Por: Sergio Soto Azúa

Hay frases que parecen una broma, pero guardan una fuerza brutal. “Finge hasta que lo logres” es una de ellas. No es una invitación a la mentira, ni una puerta a la impostura. Es una estrategia de construcción personal. Una programación consciente del futuro. Fingir, en este contexto, es actuar como si ya fueras esa persona que quieres llegar a ser. No para engañar al mundo. Para convencer a tu mente.

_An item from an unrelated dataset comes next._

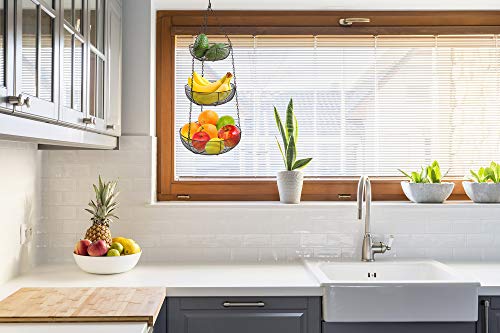 CAXXA 3-Tier Hanging Basket Fruit Organizer Kitchen Heavy Duty Wire Organizer with 2 Free Bonus Metal Ceiling Hooks(Bronze) - color: Bronze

La ciencia respalda esta idea. Amy Cuddy, psicóloga social de Harvard, popularizó el concepto de “power posing” en una charla TED que rompió récords de vistas. Su investigación encontró que adoptar posturas de confianza —aunque al principio sean fingidas— altera la química del cuerpo: sube la testosterona, baja el cortisol, mejora el desempeño. La actitud modifica la biología. Fingir activa algo interno.

Y es que el cuerpo no distingue del todo entre lo real y lo anticipado. Si actúas con seguridad, si caminas con determinación, si hablas como quien ya logró su objetivo, el cerebro empieza a reorganizar sus conexiones. Empieza a creértela. Primero para ser, hay que parecer. Y en ese “parecer” hay una decisión valiente: dejar de actuar desde la carencia y comenzar a moverse desde la visión.

Aristóteles lo explicó siglos antes de que existiera la neurociencia: el pensamiento condiciona la acción, la acción forma los hábitos, los hábitos moldean el carácter, y el carácter define el destino. Si siembras una idea, cosechas una vida. Pero no basta con pensar. Hay que actuar. Fingir, en ese sentido, es la primera acción simbólica de una transformación profunda.

Hay quienes empiezan por los detalles. Se visten como quieren verse. Se despiertan como si ya tuvieran éxito. Llegan cinco minutos antes. Se paran derechos. Se miran al espejo sin miedo. Ensayan su papel, no para impresionar… sino para transformarse.

Claro, en el camino habrá resistencias. Fingir incomoda. Molesta. Hay quienes aspiran a lo mismo que tú, pero no han dado el primer paso. Entonces no es que quieran lo que tú tienes. Es que no quieren que tú lo tengas. Porque si tú puedes, les demuestras que ellos también podrían. Y eso, para muchos, es insoportable. Les resulta más fácil desacreditarte que enfrentarse al espejo.

Por eso fingir hasta lograrlo exige resiliencia. Porque te van a observar, cuestionar, dudar, señalar. Pero no es a ellos a quienes tienes que convencer. Es a ti. Finges para construirte. Para preparar el terreno de lo que vas a ser. Para habitar, desde ahora, el espacio mental que te corresponde.

Y hay algo casi místico en ese proceso. Cuando finges con convicción, no estás imitando: estás ensayando. Estás dándole forma a una versión de ti que ya existe en potencia. Y lo más curioso es que, cuando lo haces bien, el entorno comienza a alinearse. Las puertas se abren. Las personas correctas llegan. Lo que no vibra contigo se aleja solo. El universo rara vez premia la espera pasiva. Premia el movimiento.

Fingir no es huir de tu realidad. Es tener el valor de mirarte al espejo y decir: todavía no soy, pero ya me estoy comportando como si lo fuera. Y si en el camino alguien se burla, se ofende o intenta frenarte, ya sabrás por qué. No están peleando contigo. Están peleando con la posibilidad de que el cambio es posible. Y eso, para muchos, es más amenazante que cualquier disfraz.

Así que sí: piensa, actúa, forma hábitos, forja carácter. No esperes a sentirte listo. Finge. Ensaya. Insiste. Porque un día, sin darte cuenta, dejarás de actuar… y empezarás simplemente a ser.

Y ese día, ni el miedo podrá alcanzarte.